HK Police Step Up Violence

Police dressed as protesters hit people with extendable batons in the mall
The "shopping protests" have changed tactics to focus on shops catering to parallel traders, those who buy goods in Hong Kong and then take them across the border to sell at higher prices for a profit.

This has been going on for years and this was particularly egregious in 2012 to the point where districts near the mainland border ran out of goods like milk powder and it had to be rationed to two cans per customer. Back then parallel traders were called "locusts" for taking everything and leaving nothing behind.

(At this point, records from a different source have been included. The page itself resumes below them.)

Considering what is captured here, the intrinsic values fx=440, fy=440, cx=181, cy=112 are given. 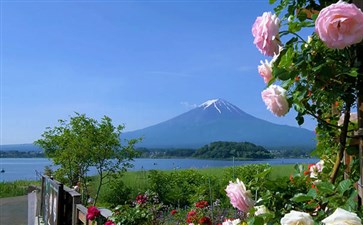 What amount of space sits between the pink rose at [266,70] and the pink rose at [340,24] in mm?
350

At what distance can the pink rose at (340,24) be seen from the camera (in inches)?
44.5

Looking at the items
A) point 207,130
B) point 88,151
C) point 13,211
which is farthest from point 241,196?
point 207,130

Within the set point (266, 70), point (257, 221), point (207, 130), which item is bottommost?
point (257, 221)

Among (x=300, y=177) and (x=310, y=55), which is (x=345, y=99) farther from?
(x=300, y=177)

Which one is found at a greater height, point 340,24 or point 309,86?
point 340,24

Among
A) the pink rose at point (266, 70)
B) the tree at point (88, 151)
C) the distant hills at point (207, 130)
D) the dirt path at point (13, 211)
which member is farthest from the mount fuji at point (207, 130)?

People protest against parallel traders in Sheung Shui
So to put more pressure on the Hong Kong government to resolve the political crisis that has gripped the city for seven months, protesters targeted several shopping malls, including Landmark North shopping centre in Sheung Shui, the last district before the border with China.

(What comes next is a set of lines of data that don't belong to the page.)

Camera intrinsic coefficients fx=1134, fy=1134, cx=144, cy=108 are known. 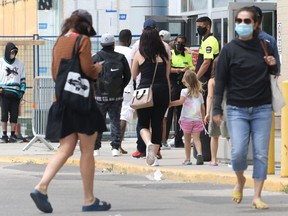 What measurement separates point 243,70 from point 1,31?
35.2 m

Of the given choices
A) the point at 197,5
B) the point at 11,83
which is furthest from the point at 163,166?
the point at 197,5

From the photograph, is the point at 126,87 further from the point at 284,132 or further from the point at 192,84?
the point at 284,132

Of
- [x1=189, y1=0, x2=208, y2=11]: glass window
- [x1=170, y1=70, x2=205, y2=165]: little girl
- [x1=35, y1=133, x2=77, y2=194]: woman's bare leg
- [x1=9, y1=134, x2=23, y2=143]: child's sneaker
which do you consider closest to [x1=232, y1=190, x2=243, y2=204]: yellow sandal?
[x1=35, y1=133, x2=77, y2=194]: woman's bare leg

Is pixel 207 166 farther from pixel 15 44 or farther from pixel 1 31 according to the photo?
pixel 1 31

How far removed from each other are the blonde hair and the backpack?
1.52 metres

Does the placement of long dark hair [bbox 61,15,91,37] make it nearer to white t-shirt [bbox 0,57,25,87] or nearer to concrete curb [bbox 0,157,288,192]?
concrete curb [bbox 0,157,288,192]

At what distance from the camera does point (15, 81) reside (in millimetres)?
21688

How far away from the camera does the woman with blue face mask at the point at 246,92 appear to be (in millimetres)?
10648

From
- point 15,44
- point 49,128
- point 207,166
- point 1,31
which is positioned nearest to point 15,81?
point 15,44

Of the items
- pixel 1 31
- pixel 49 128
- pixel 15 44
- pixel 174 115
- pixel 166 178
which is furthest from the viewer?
pixel 1 31

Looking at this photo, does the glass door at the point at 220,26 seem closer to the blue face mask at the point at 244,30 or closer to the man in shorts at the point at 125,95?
the man in shorts at the point at 125,95

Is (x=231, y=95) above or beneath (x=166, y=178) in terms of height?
above

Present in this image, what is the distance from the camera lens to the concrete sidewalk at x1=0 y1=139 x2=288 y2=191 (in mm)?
13742

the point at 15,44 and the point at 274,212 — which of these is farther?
the point at 15,44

The protesters shouted, "Five demands, not one less", "disband the police force", and also "go back to the mainland", aimed at Chinese daytrippers and parallel traders. This forced almost all the shops in the mall to close down for fear of potential vandalism.

But the protests also attracted the police, who stepped up their tactics in a more brutal way.

They dressed up like protesters and then without warning whipped out extendable batons and began attacking and arresting people. The riot police in uniform were nearby and also had no qualms beating up protesters until blood spilled.

There is a video on Twitter showing a young man being excessively beaten by riot police in Landmark North, and there is blood on one of the police shields.


Is this really necessary? Why not just arrest them and save energy to catch the next protester? Another brutal tactic of unleashing pepper spray at point blank range is also uncalled for.

This stepped up brutality not only further contravenes the Hong Kong police force's code of conduct, but shows officers are willing to use more violence to subdue protesters.

Is shooting pepper spray really necessary at close range?
Since Beijing has endorsed Chief Executive Carrie Lam Cheng Yuet-ngor during her latest duty visit earlier this month, it seems her way of quelling the protesters is with more violence.

This is totally outrageous. 

This is how Lam and police chief Chris Tang Ping-keung think they can end the protests?

While wounds may eventually heal, trauma does not go away and these shocking images will infuriate more people to come out to yet another large-scale protest march on January 1.

The people are not cowering. It's going to be a long fight.